## EXERCISE
The lines from the one containing "Mid-century modernist style" through the last one in the data: please copy those exactly, and only those, without the pictures.

········

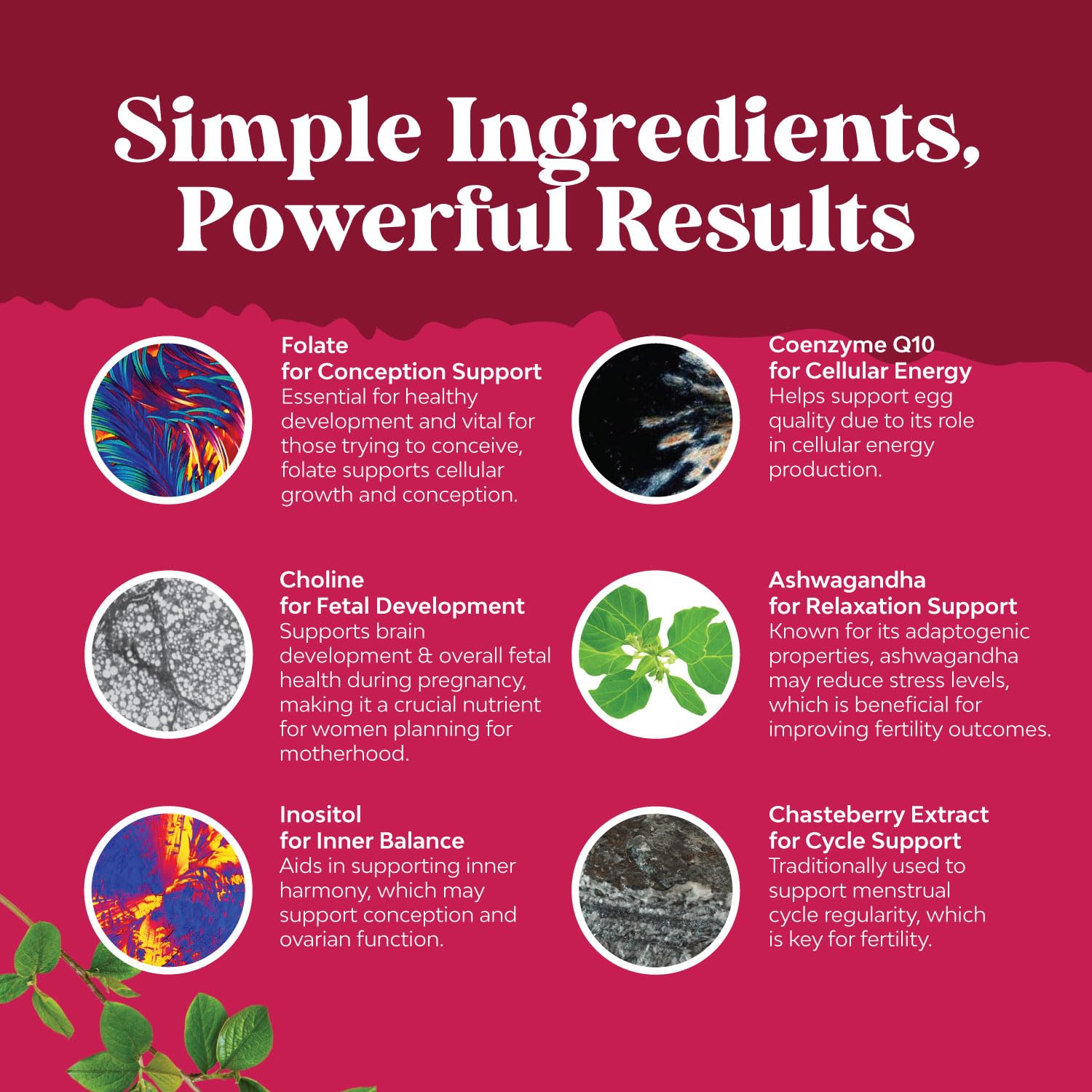 Fertility Gummies for Women Trying to Conceive - Yummy Gummy Fertility Supplement for Women with Myo-Inositol Folic Acid & Vitex Chasteberry - Vegan Non-GMO & Gluten Free - Juicy Peach (30 Servings)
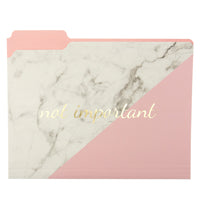 Graphique Blush Marble File Folder Set – File Set Includes 9 Folders and 3 Unique 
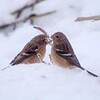 仏沼にベニマシコ（青森県）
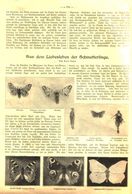 Aus Dem Liebesleben Der Schmetterlinge / Artikel, Entnommen Aus Zeitschrift / 1910 - Colis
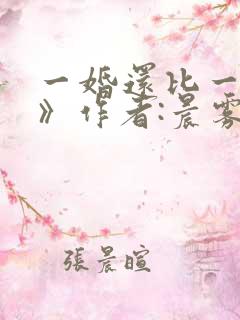 一婚还比一婚高》作者:晨雾的光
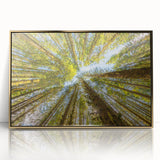 Mid-century modernist style large art print of Olympic National Park with muted earth tones, framed in acrylic gold.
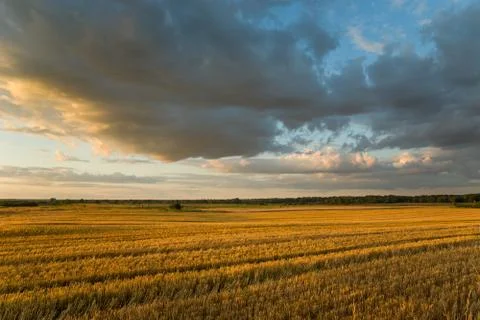 Large stubble and cloudy evening sky illuminated by the sun Stock Photos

········

## ANSWER BOX
 Mid-century modernist style large art print of Olympic National Park with muted earth tones, framed in acrylic gold.
 Large stubble and cloudy evening sky illuminated by the sun Stock Photos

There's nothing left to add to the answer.